As data from Irish Rail shows, there is a clear appetite for train travel along the commuter lines in Cork.
Compared with 2019, customer journeys have increased on all three commuter lines in Cork. By this summer, Irish Rail expects to carry more passengers on its Cork lines than it did during all of 2019.
As Ms Love said, increasing frequency and cutting fares by 50% on the Cork to Mallow line, which it did in the summer of 2022, has helped.
Not full steam ahead
There is, however, ample reason for scepticism.
If history shows us anything about the development - or lack thereof - of the rail network in Cork, it’s that there is a huge gulf between grand plans and delivery.
Just last week, the issue was raised in the Dáil when Green Party TD Neasa Hourigan asked the Minister for Housing, Local Government and Heritage if delays at An Bord Pleanála would affect projects under the Cork area commuter rail programme in meeting deadlines for European and other funding opportunities.
Green Party Councillor Oliver Moran is also raising the matter as one of his motions in tonight’s monthly City Council meeting.

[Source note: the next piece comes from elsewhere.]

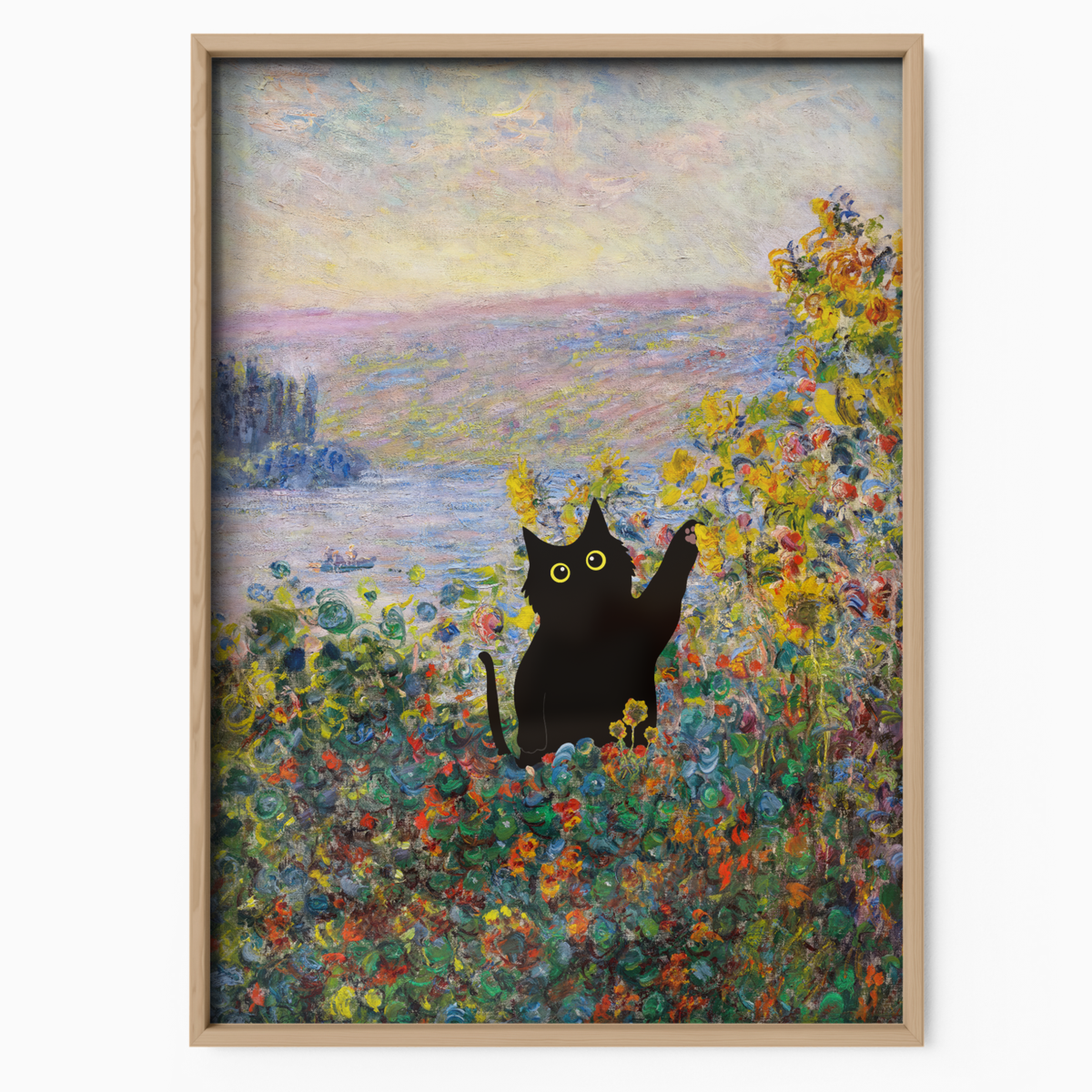 Cat Monet Cliffside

His concern is that hold-ups at An Bord Pleanála could have a knock-on effect resulting in Irish Rail missing funding deadlines.

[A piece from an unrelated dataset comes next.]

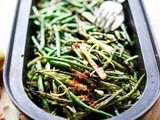Charred Green Beans and Scallions with Bagna Cauda
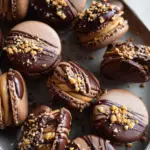Chocolate Peanut Butter Macarons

“From speaking informally to people in Irish Rail, I think it's taken as a given that the level of investment that's now happening all-but-guarantees the re-opening of stations at Blarney and Blackpool in this decade,” Cllr Moran told Tripe+Drisheen.
“However, a new station at Tivoli is based on the Port of Cork moving to Ringaskiddy and the current docklands being used for housing, which is at least 10 years away,” he added.
Cllr Moran said it’s “frustrating that the commitment to re-opening the stations is in the next financial envelope of the project, after 2026. It means officials can't formally give that commitment, but common sense says no-one would put that much money to enable something and then not build the stations.”
However, while he thinks that the operational and political will is evident, his concern is that delays in the planning process at An Bord Pleanála could hamper funding, which he said would be a “disaster.”
Opening new stations will transform the landscape of Cork, said Ciarán Meers, founding member of Cork Commuter Coalition, a group advocating for better public transport in Cork city and county.
A new station at "Tivoli will allow for new urban neighborhoods, while long-awaited stations in Blackpool and Blarney will provide connectivity within the city where it has been seriously lacking," Mr Meers said, adding that the new station network should complement the redesigned bus network as part of BusConnects.
But Mr Meers, too, sounded a note of cautious optimism, noting that "many past train station projects have spent years languishing in the planning stage, so it's no wonder that there's little trust until they actually materialise."
He also highlighted that even when new stations do come online, it's imperative that they adhere to principles of good design and universal access.
Ms Love said that investment in rail needs to keep pace with population projections for Cork. According to CMATS forecasting, Cork will be the fastest-growing city region in Ireland, with a projected 50% to 60% increase in its population in the period up to 2040.
"We need to respond to that, and the transport system is at capacity (in Cork)," Ms Love said.
"So, I think this is essential, and there's a real push, I think, for this to happen and to improve our network and to make rail more attractive and public transport more appealing to people."